As one of the country’s top research-based institutions, the University of Kentucky has a proven track record of advancement across a number of fields.
UK’s newly reorganized Office of Technology Commercialization (OTC) aims to better capitalize on these achievements through patents, partnership deals and start-up companies that could potentially provide a lucrative revenue stream for the university and for the inventors of the technology, as well as strengthen UK’s reputation as an innovation leader.
“Technology transfer, as a discipline and as an industry, has evolved over the past 10 to 15 years towards a much more proactive, deal-making space,” said OTC Director Ian McClure. “We want to make sure that we are as best-positioned as we can be to take advantage of all the opportunities that we know exist here in Lexington.”
UK ranked 69th among the top 100 universities worldwide that were granted the most U.S. patents in 2016, according to the National Academy of Inventors. According to recently released figures from the OTC, the department has already received more issued patents at the close of this fiscal year than any year prior, doubled the number of license agreements it executed compared to the previous year, and increased its total number of patents filed.
Additionally, the OTC has created a searchable database of its saleable technology so that companies can more easily see what’s available; created a UKAccel program in partnership with the Von Allmen Center for Entrepreneurship and Lexington’s Awesome Inc. business accelerator to mentor inventors in launching a new company; and provided support though its UK Pitch program for researchers to attend conferences and events in order to promote their projects to potential investors; among other outreach efforts.
“The intellectual property development process is only the beginning,” McClure said. “The real value proposition that an office like ours can provide is the ability to develop those networks and pathways to get things licensed, develop industry partnerships, and also to cultivate and harvest startup companies along a path to VC tech funding.”

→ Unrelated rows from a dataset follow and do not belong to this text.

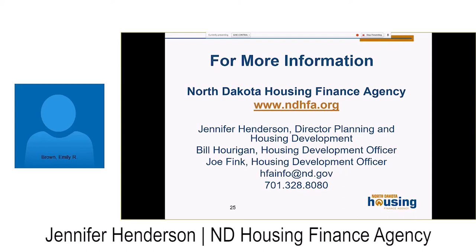Any other questions for Jennifer or for anyone else who joined today? Alright, thanks everyone for your time. Special thanks to Kim, Scott, and Jennifer for joining.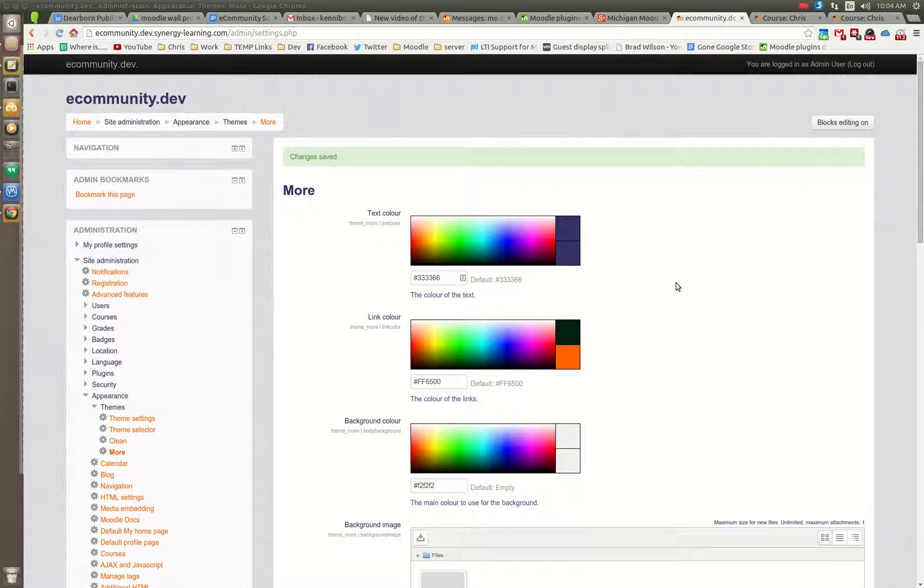I just wanted to take one opportunity here to show you an exciting new development with the new social format for Moodle.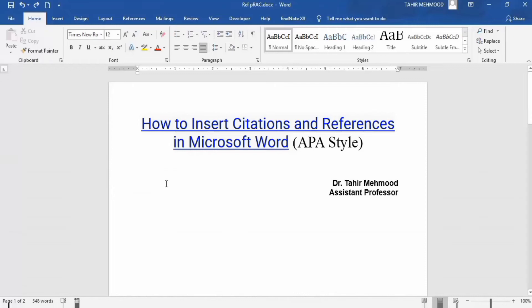In this video you will learn how to insert citations and references in Microsoft Word. I will use the APA style guidelines during this tutorial. I am Dr. Thayal Mahmoud and you are watching the Teaching Instruction channel.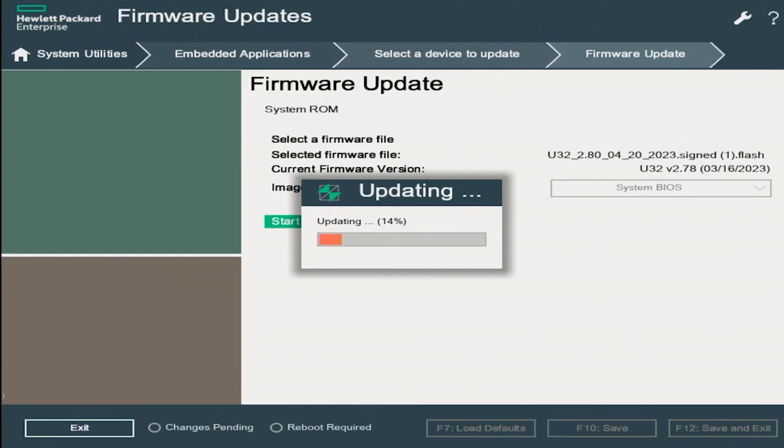It will take a bit of time, so we will go ahead and fast forward and then pick back up once it's done.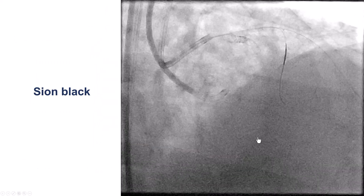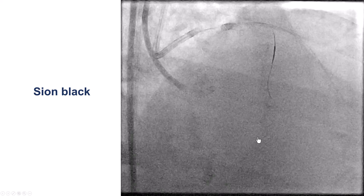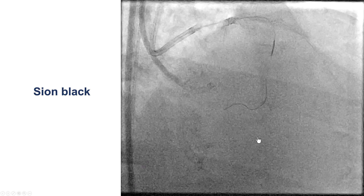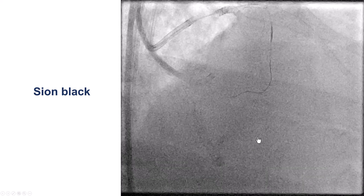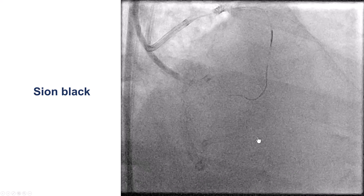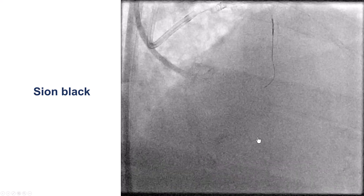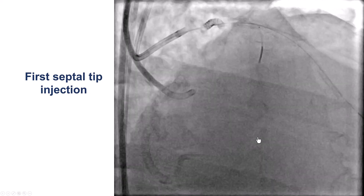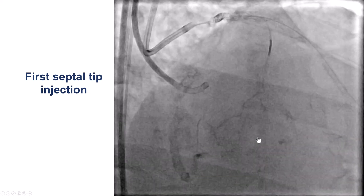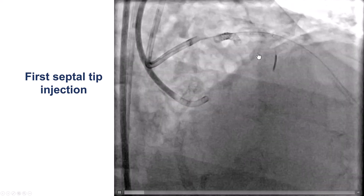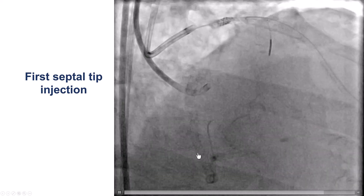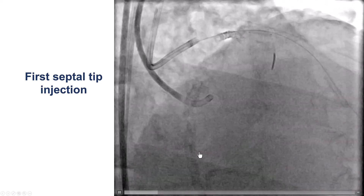We first tried to go retrograde. We advanced a microcatheter into the first septal and tried to do surfing with a Sion Black guidewire, which unfortunately did not make it down to the PDA. It was making some progress, but then could not be advanced any further. So after we tried for a few minutes, we decided to perform an injection to better understand the course of the collateral. We can see here that there is a very tortuous course with multiple bends, and then eventually this collateral comes all the way to the right posterolateral.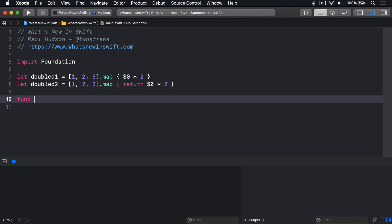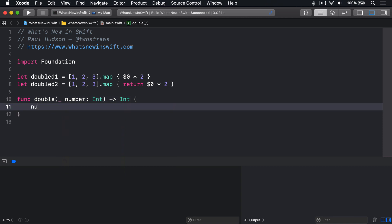func double number int returns int, number times 2.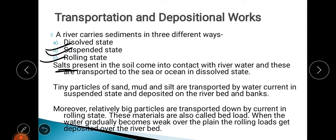Sand, mud, and silt are transported in a suspended manner. The third mode is the rolling state. Heavy particles that are big in size keep on rolling along with the river water. These heavy particles are transported in a rolling state and are also called bed load.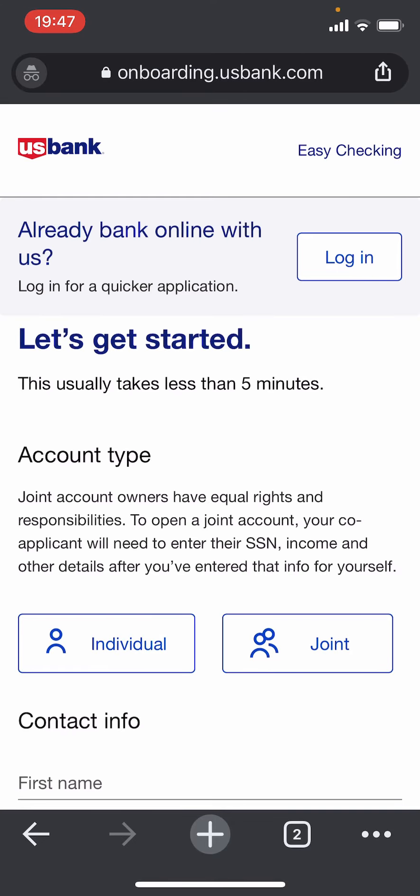After that, you'll have to enter your personal information in order to create an account. Start by choosing your account type — you can choose between Individual or Joint. I'm going to choose Individual here.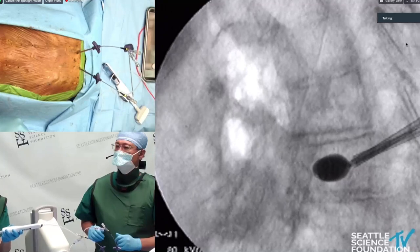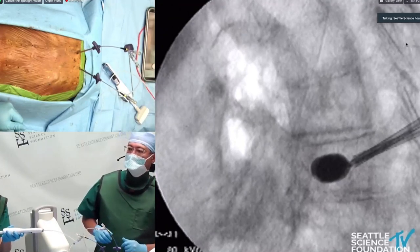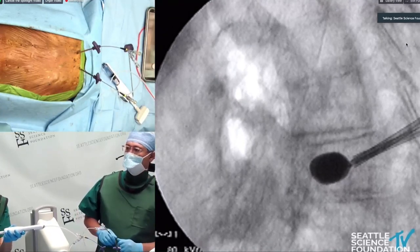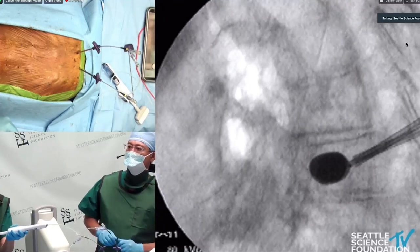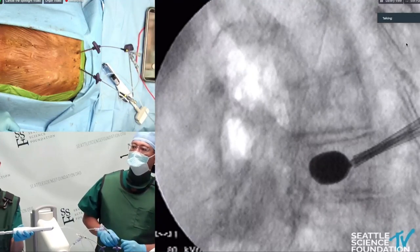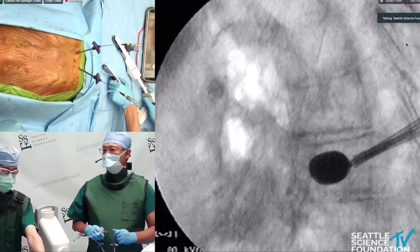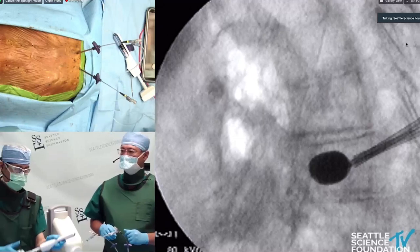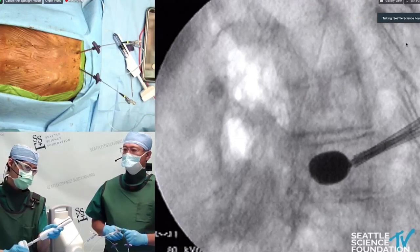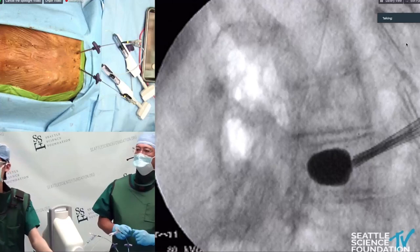As you can see, the balloon is enlarging — making sure it doesn't get too close to the anterior border. That looks good, stop there.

McClure, who was recently named among the top 300 IP strategists in the world by Intellectual Asset Management magazine, started in his position last October. Soon after, UK’s former “Intellectual Properties Development Office” was rebranded as the Office of Technology Commercialization to signal its focus on the monetization and ongoing support of university-generated advancements, rather than just on administrative patent filing.
The department was also restructured into three distinct teams — Intellectual Property Development, Strategic Alliances and Programs, and Licensing and Commercialization — in order to better serve its mission.
Several new hires have also helped bolster the OTC’s Licensing and Commercialization division, including associate director Eric Castlen, a senior tech manager from the University of Louisville; commercialization manager Alex Porter, who previously worked in pharmacy and biotech with the Sedulo Group in Louisville; and contracts coordinator Ali Bocook, a 2016 graduate of UK’s College of Law.
The OTC also employs five part-time fellows — graduate students and Ph.D candidates — who conduct most of the initial research on new inventions brought to the OTC from throughout the university. Very few will past muster as a unique and potentially valuable innovation, but those that do move forward through the patent process and other steps needed to protect the intellectual property. The OTC also uses its resources to either seek a commercial license for the invention with an established company, or helps to fund, organize and launch a startup company built around the product.
Under this structure, 40 percent of all revenues are returned to the inventor, 40 percent go directly to the college and to the department of the inventor, and the final 20 percent is retained by the UK Research Foundation, which uses the funds to build other research-based programs.
“At minimum, 60 percent of all revenues get pumped right back into what I call renewable research,” McClure said.
About 60 percent of the OTC’s portfolio is health care related, McClure said, while UK’s College of Agriculture and the Center for Applied Energy Research also generate a large number of new patents and licensing agreements.
“Tech transfer is a volume game,” McClure said. “Very few things that are disclosed through university-based research actually become licensed and return royalties and get used as products in the market, but for those that do, there’s real success and the ceiling is quite high.”
A strong technology transfer office also has great implicit value when it comes to recruiting and retaining top-talent research faculty.
Said McClure: “They want to be able to benefit from their inventions, and they need to see a well-run tech transfer office that can support their career and support their inventive activity.”